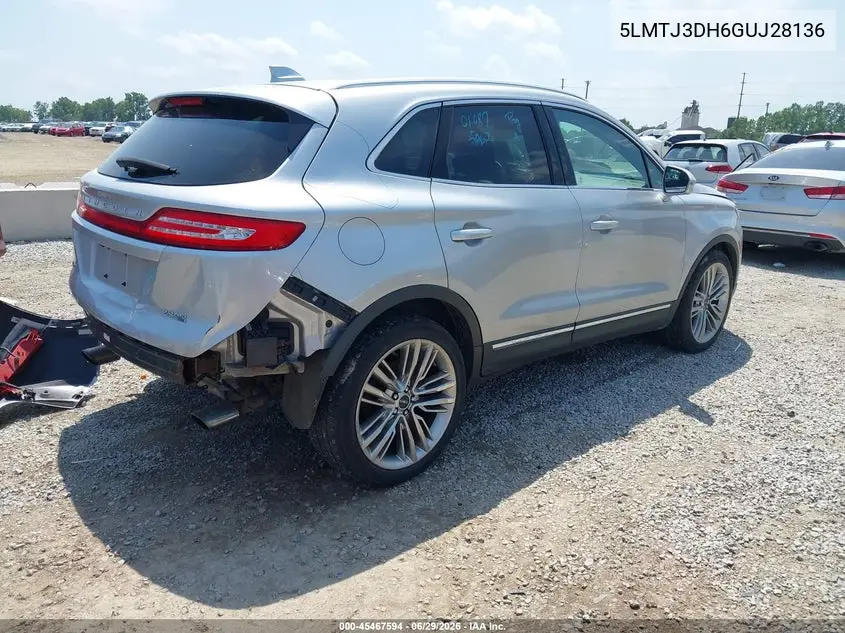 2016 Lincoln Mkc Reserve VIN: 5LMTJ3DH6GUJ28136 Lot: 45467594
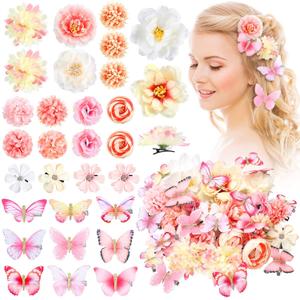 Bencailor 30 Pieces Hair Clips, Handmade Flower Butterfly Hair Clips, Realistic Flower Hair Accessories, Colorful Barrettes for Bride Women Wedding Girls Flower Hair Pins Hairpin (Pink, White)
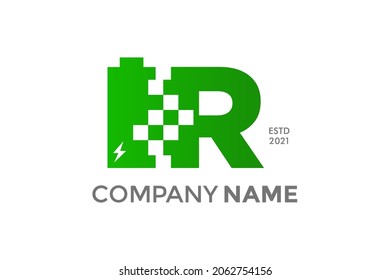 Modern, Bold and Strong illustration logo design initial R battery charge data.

• • • •

Without the pictures, repeat the listing word for word.

> WRITTEN SOLUTION:
 2016 Lincoln Mkc Reserve VIN: 5LMTJ3DH6GUJ28136 Lot: 45467594
 Bencailor 30 Pieces Hair Clips, Handmade Flower Butterfly Hair Clips, Realistic Flower Hair Accessories, Colorful Barrettes for Bride Women Wedding Girls Flower Hair Pins Hairpin (Pink, White)
 Modern, Bold and Strong illustration logo design initial R battery charge data.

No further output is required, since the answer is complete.